Vestir o tempo

[dropcap]E[/dropcap]u não sei como o leitor lida com as pequenas contrariedades do quotidiano mas aqui fica uma informação inútil: eu lido muito mal, obrigado. Uma avaria, um atraso num prazo, uma resposta que se está à espera, um erro autoinfligido – enfim, uma série de incidentes que comparados com as tragédias da humanidade serão de facto irrelevantes para o universo. Menos, claro, para mim.

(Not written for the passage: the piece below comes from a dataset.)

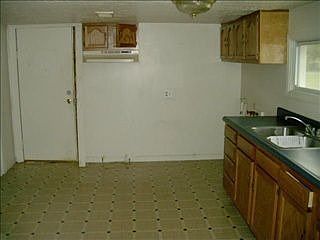 4th image of 19964 Palisade Ave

Não sendo uma pessoa dramática e até afectando alguma fleuma que admiro, esse tipo de obstáculos desperta neste esforçado cavalheiresco Henry Jekkill um indesejado e maléfico Edward Hyde. Ou seja, e para utilizar o jargão científico: passo-me dos carretos. Assim foi esta última semana em que as pequenas coisas – sim, outra vez – voltaram a crescer para a proporção de Adamastores intransponíveis. O que terá acontecido? pergunta com sorte minha o leitor amigo mesmo antes de se rir e desprezar as picuinhices do cronista comparadas com o estado do mundo. Pois pouco, muito pouco: óculos que se partem, computadores que falecem e tudo no espaço de poucos dias. Só que amigos, pelo menos concedam-me isto no meio do que parece tanta frivolidade: estes dias são lupas. E para um ansioso na clandestinidade, como é o meu caso, pior ainda: são catástrofes.

Tentemos a lógica, em premissas simples: eu, sem óculos, não vejo; eu, sem computador, não posso trabalhar. Sendo que nesta altura não tenho dinheiro para resolver qualquer das situações. Qual a solução para este vosso criado? Implorar pela vinda rápida do apocalipse desde que se esteja com uma roupinha lavada. Naturalmente, não resolve.

Há uma série de livros supostamente infantis escritos por Lemony Snicket (pseudónimo do escritor americano Daniel Handler) que se chamam A Series of Unfortunate Events (Uma Série de Desgraças, na tradução portuguesa algo atabalhoada). Tratam das desventuras de três órfãos às mãos de um sinistro parente que quer ficar com a herança dos irmãos. Escrevi “supostamente” porque estes livros têm um fundo negro que não é nada infantil. E se os lerem perceberão como nestas alturas me identifico com os irmãos Baudelaire e as suas infelicidades que parecem nunca ter fim. É necessário pois respirar fundo, arregaçar as mangas, pensar na ínfima proporção dos meus problemas e devagar mas com precisão, ir retirando esses irritantes grãos de areia que atrapalham o quotidiano. Foi o que fiz e nessa empreitada surpreendi-me com a nova noção do tempo que está agora instalada.

O tempo agora é elástico. À espera para resolver estas questiúnculas reparava nos outros que também esperavam. Onde antes haveria impaciência agora havia, pelo menos, resignação. Arrisco a palavra: compreensão. Graças às circunstâncias que vivemos e que obrigam a tantos novos rituais de protecção, o tempo estende-se agora à nossa medida, como um fato feito por alfaiate. Estamos reconciliados com a demora. O tempo, de repente, tornou-se humano.

Continuarei a ser o ansioso catastrofista das pequenas calamidades, disso não duvido. Mas aprendi uma lição preciosa que utilizarei para bem estar meu e dos outros: posso vestir o tempo que agora se me oferece. Não há outra alternativa. E garanto, que bem que nos fica a todos.